• _Records provided_:
◆ ◆ ◆ ◆
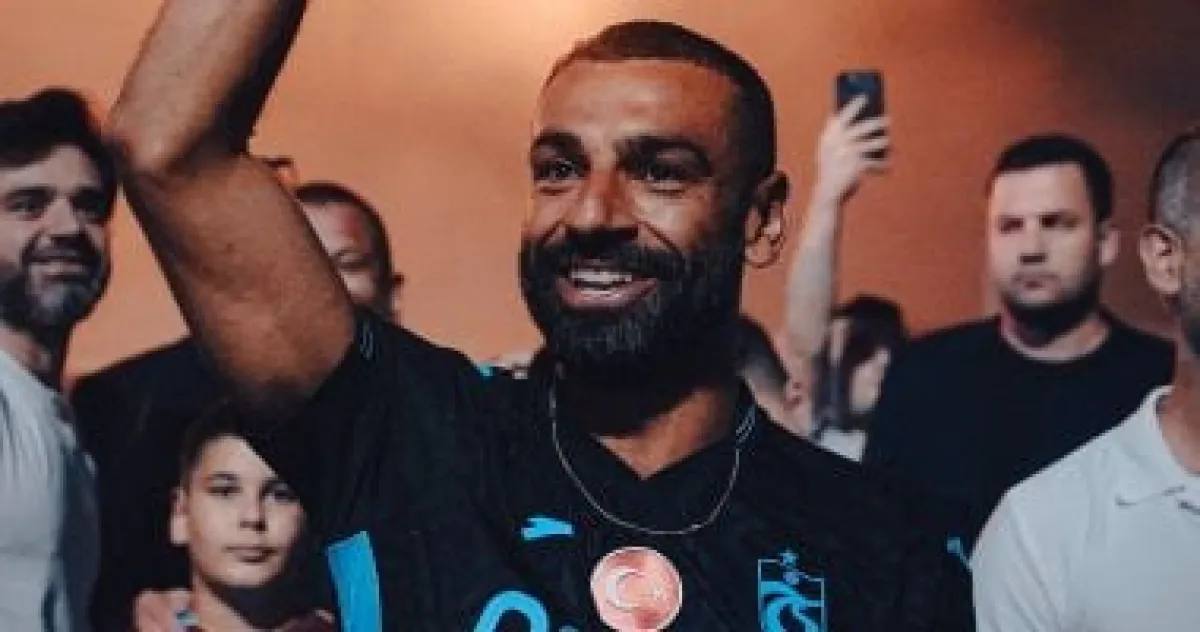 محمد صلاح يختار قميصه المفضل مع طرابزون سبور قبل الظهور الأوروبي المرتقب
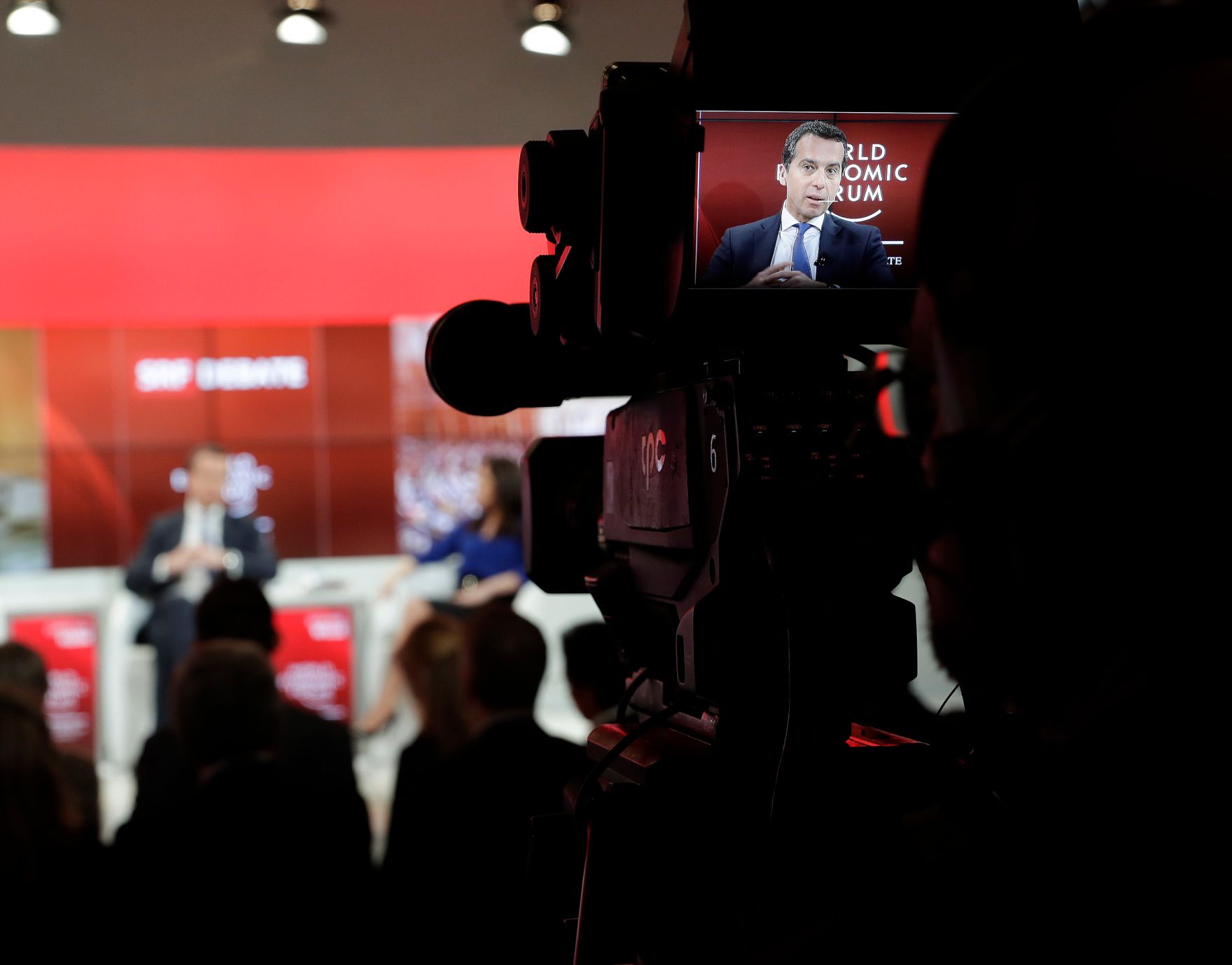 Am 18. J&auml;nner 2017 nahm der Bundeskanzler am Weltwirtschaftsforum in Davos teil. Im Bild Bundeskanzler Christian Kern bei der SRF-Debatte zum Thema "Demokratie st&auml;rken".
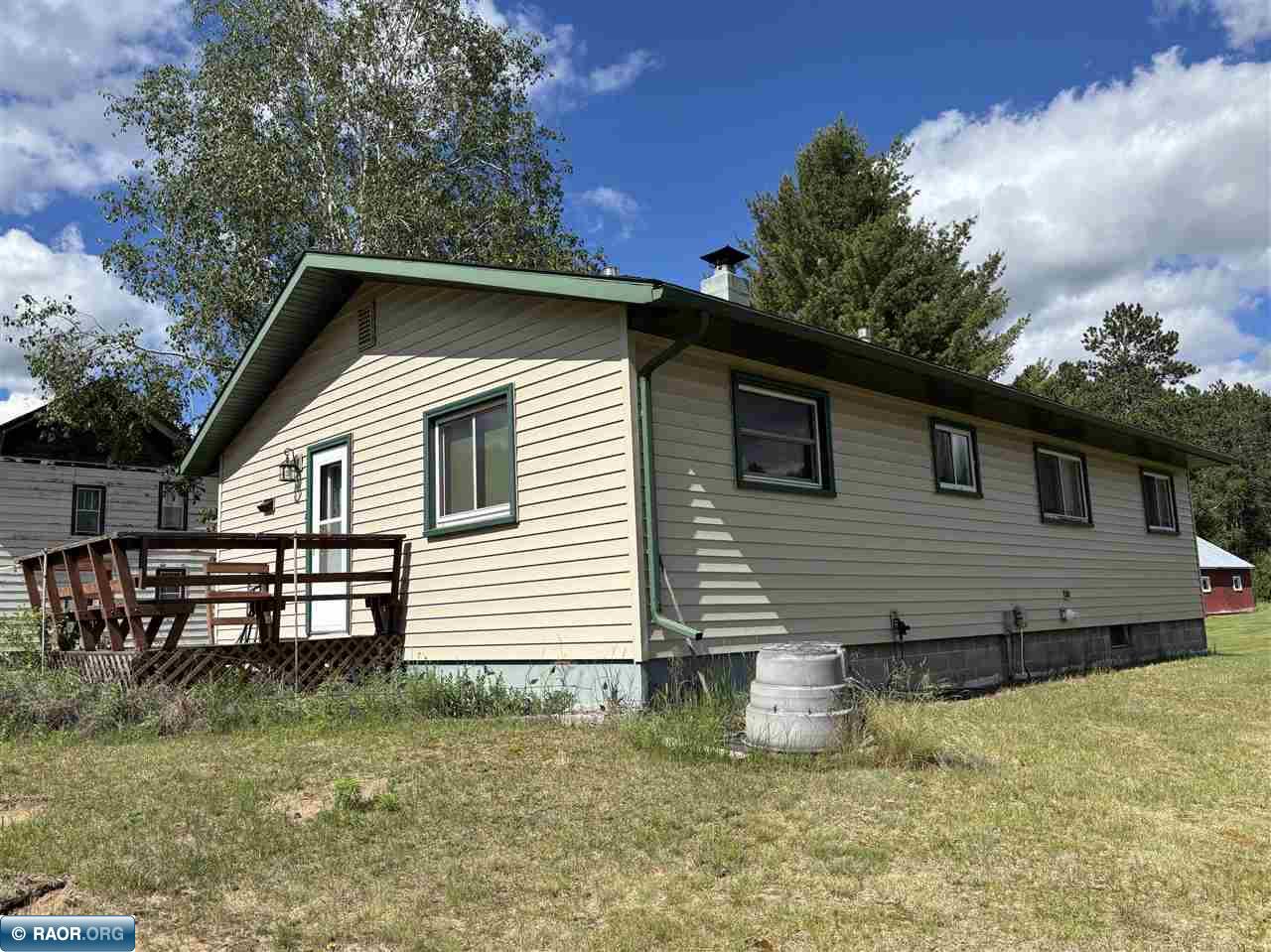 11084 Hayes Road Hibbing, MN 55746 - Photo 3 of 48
◆ ◆ ◆ ◆
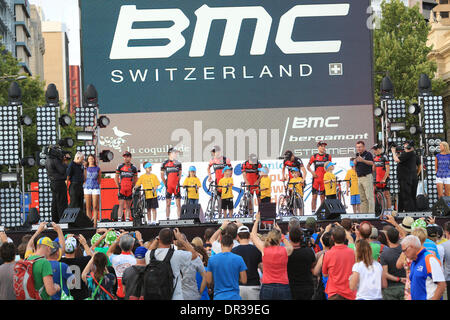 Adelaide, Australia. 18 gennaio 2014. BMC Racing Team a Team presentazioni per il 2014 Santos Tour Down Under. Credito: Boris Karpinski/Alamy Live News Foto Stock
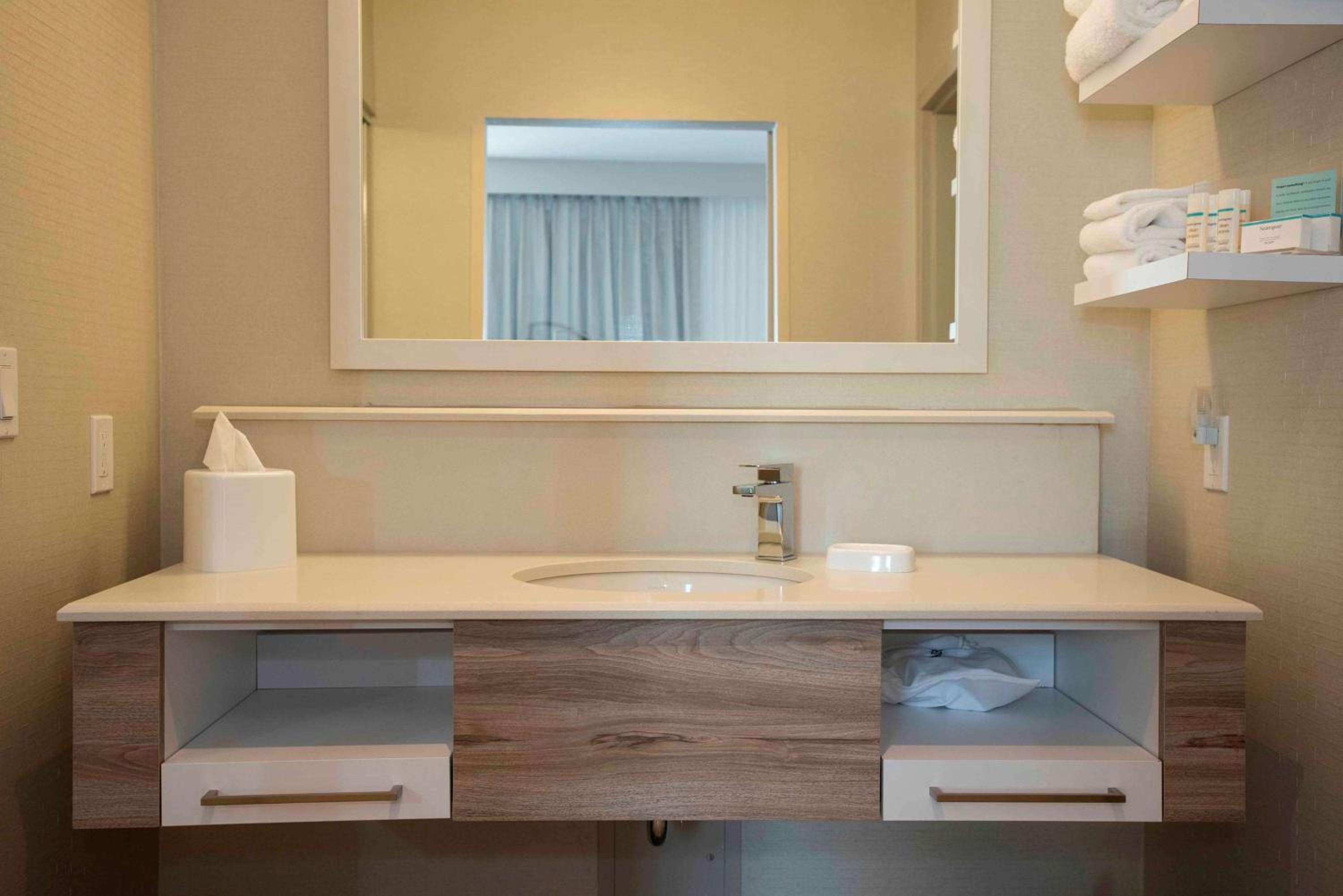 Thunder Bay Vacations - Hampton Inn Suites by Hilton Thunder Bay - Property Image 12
◆ ◆ ◆ ◆
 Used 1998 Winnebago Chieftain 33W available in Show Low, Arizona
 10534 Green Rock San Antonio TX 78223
◆ ◆ ◆ ◆
Your answer should consist of the lines above between those holding "Am 18. J&auml;nner" and "11084 Hayes Road", inclusive, reproduced word for word and without pictures.

 Am 18. J&auml;nner 2017 nahm der Bundeskanzler am Weltwirtschaftsforum in Davos teil. Im Bild Bundeskanzler Christian Kern bei der SRF-Debatte zum Thema "Demokratie st&auml;rken".
 11084 Hayes Road Hibbing, MN 55746 - Photo 3 of 48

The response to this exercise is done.